"""

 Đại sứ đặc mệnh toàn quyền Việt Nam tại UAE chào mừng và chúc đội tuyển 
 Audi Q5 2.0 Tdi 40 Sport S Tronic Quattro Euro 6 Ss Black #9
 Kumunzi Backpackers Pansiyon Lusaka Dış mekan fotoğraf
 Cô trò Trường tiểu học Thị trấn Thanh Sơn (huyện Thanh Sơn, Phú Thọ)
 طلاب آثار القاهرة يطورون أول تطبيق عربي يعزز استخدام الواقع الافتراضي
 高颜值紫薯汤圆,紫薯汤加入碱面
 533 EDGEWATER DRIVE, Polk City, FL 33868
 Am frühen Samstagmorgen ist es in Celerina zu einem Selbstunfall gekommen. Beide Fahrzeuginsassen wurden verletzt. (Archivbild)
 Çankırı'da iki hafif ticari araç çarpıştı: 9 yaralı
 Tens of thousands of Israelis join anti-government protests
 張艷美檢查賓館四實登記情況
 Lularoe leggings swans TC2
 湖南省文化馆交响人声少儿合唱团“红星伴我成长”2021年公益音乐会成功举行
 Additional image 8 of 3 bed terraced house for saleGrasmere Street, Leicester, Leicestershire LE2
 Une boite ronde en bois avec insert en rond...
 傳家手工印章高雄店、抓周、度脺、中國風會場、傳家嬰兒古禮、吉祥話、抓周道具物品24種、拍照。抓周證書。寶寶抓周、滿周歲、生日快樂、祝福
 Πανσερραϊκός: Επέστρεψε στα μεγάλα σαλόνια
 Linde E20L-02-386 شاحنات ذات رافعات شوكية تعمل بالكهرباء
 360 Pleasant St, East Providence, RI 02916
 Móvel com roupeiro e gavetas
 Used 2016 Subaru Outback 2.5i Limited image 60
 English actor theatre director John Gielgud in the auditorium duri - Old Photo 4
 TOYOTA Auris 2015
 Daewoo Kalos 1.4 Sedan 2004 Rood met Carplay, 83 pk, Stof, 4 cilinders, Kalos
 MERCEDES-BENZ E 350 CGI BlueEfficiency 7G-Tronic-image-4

"""

## TASK PROMPT
When you reach the line holding "533 EDGEWATER DRIVE, Polk City, FL 33868" in the records above, begin reproducing exactly, stop after the line holding "Used 2016 Subaru", and output nothing else.

## RESULT OF THE EXERCISE
 533 EDGEWATER DRIVE, Polk City, FL 33868
 Am frühen Samstagmorgen ist es in Celerina zu einem Selbstunfall gekommen. Beide Fahrzeuginsassen wurden verletzt. (Archivbild)
 Çankırı'da iki hafif ticari araç çarpıştı: 9 yaralı
 Tens of thousands of Israelis join anti-government protests
 張艷美檢查賓館四實登記情況
 Lularoe leggings swans TC2
 湖南省文化馆交响人声少儿合唱团“红星伴我成长”2021年公益音乐会成功举行
 Additional image 8 of 3 bed terraced house for saleGrasmere Street, Leicester, Leicestershire LE2
 Une boite ronde en bois avec insert en rond...
 傳家手工印章高雄店、抓周、度脺、中國風會場、傳家嬰兒古禮、吉祥話、抓周道具物品24種、拍照。抓周證書。寶寶抓周、滿周歲、生日快樂、祝福
 Πανσερραϊκός: Επέστρεψε στα μεγάλα σαλόνια
 Linde E20L-02-386 شاحنات ذات رافعات شوكية تعمل بالكهرباء
 360 Pleasant St, East Providence, RI 02916
 Móvel com roupeiro e gavetas
 Used 2016 Subaru Outback 2.5i Limited image 60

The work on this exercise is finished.